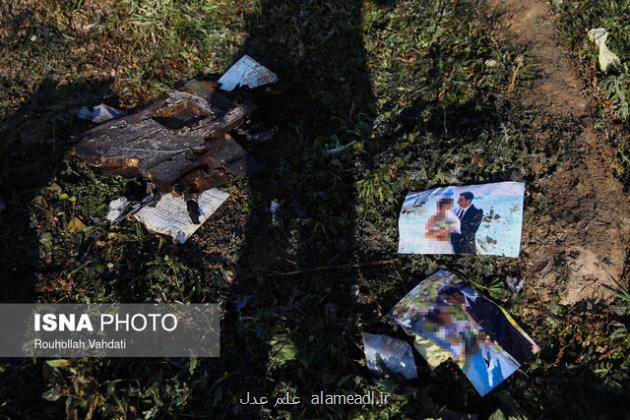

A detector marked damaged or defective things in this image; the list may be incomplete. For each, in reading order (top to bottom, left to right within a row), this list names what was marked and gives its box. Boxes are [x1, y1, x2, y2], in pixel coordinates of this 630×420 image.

torn paper [220, 55, 278, 91]
torn paper [592, 28, 624, 73]
torn paper [78, 103, 127, 123]
torn paper [133, 188, 230, 243]
torn paper [400, 182, 528, 258]
torn paper [388, 270, 540, 396]
torn paper [362, 334, 418, 380]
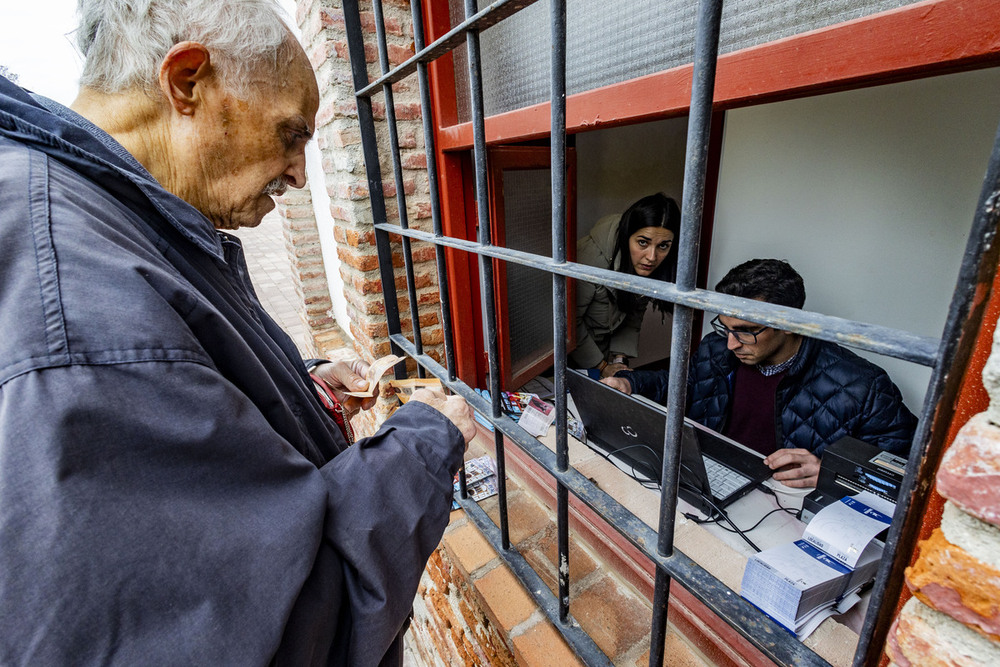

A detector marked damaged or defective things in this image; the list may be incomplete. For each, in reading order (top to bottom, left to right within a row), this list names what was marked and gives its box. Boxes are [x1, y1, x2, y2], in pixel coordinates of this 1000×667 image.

····················

## Work instructions
Where an entry includes an image, skip the image and return everything else exactly.

## Response box
A detector marked damaged or defective things in this image; the list may be incomplete. For each, in reading order (top to bottom, left to right within a row), this list names what was marked and gives its box. Boxes are [x1, y1, x2, y2], in pixel coordinates of this 630×420 image.

torn paper [220, 55, 278, 91]
torn paper [592, 28, 624, 73]
torn paper [78, 103, 127, 123]
torn paper [133, 188, 230, 243]
torn paper [400, 182, 528, 258]
torn paper [388, 270, 540, 396]
torn paper [362, 334, 418, 380]

A detector marked damaged or defective things in this image; the list may be incomplete. For each, in reading order (top to bottom, left to right within a row), this list names what was marked and gives its box. Boxes are [x1, y1, x2, y2], in pixel coordinates of this 1000×667 image.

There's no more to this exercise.